Sunday, October 19, 2008

Hieroglyphs


This weekend I've had the unfortunate pleasure of spending large amount of my time trying to decipher the most uninterpretable form of human communication ever devised, college student homework. It seems that along with not being taught how to do basic math, read properly or even how to use a textbook to find information they are apparently not taught how to right write in any clear form.

The calligraphy skills of some of my students rival only those of trained gorillas with crayons. I know that fine motor dexterity is supposed to be a hallmark of human evolution, but you wouldn't know this by looking at what some of my students can do. I really don't understand these students and the fact that they are willing to turn in such crappy looking work to me. I know that I certainly had more respect for my own work than to submit something so messy to one of my profs.

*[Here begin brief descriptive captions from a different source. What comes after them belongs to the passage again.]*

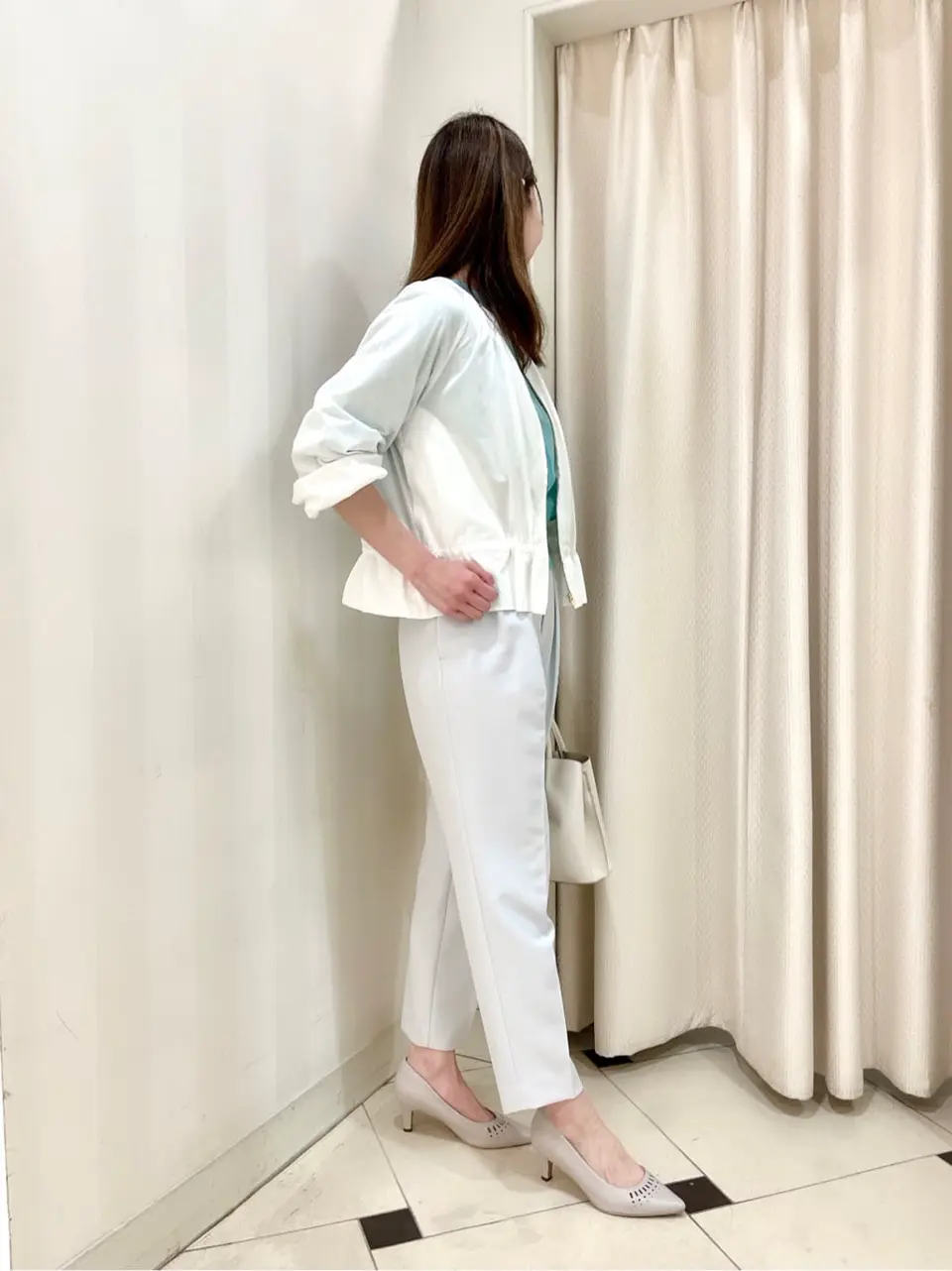 組曲 金井 コーディネート画像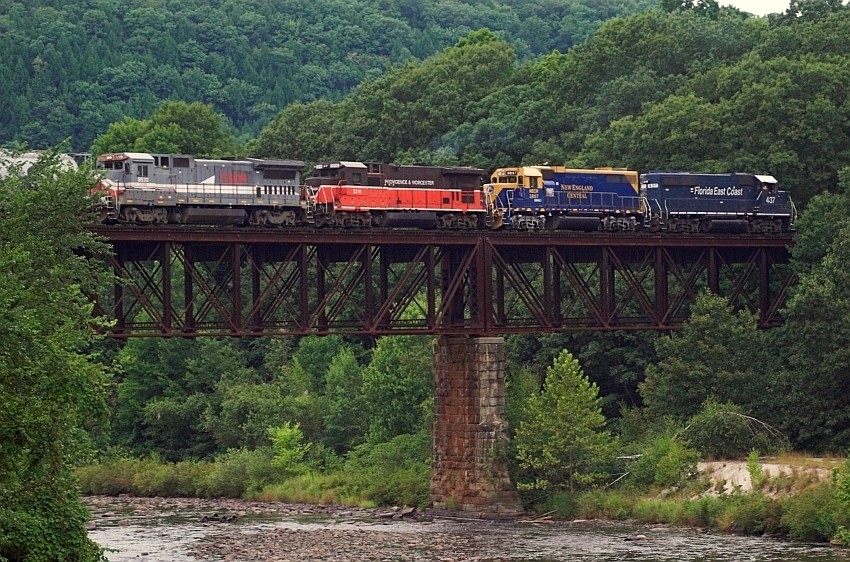 Photo of NECR 611 at Millers Falls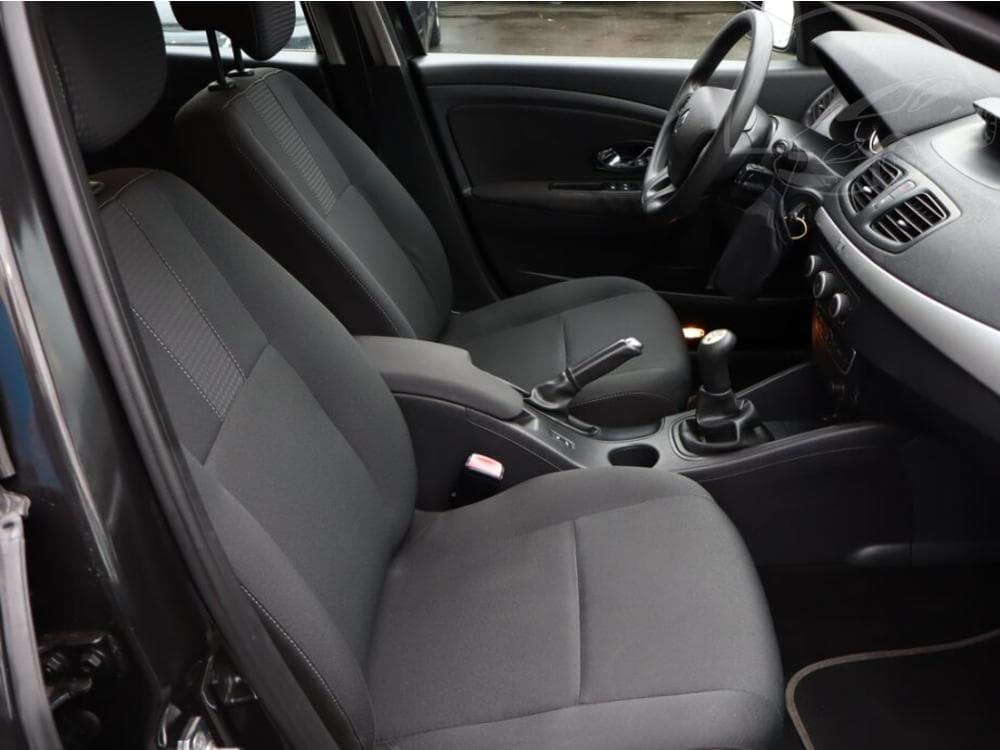 2012 Renault FLUENCE - 7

Of course there are the students at the other end of the spectrum. Those that insist on cramming multiple lines of a calculation into the smallest space possible. Some of it can get so small I'm not even sure what was written. Maybe there's a shortage of paper that I haven't heard about or maybe I just hate the environment enough to be willing to use an extra page. But clearly, as you can see from the sample photo to the right, I can't even get my camera (phone) to focus on the writing it's so small.

Add to the frustration that arises from seeing their inability to do multistep calculations with a calculator properly, retrieve the right value from a table, convert unit prefixes properly or even a little bit of deduction and you get an idea how fulfilling I find teaching to be at times. I clearly see that there is plenty that I could teach these adults (it's scary to realize that they have a vote) but I don't have the time to make up for the years of schooling they seemed to have slept through.

Yeah, I just realized that I must have posted something like this last year... it sucks that I keep going through the same feelings of helplessness with the quality of the students. Though I guess this is proof of some form of a systemic failure in the system prior to their arrival in my classroom.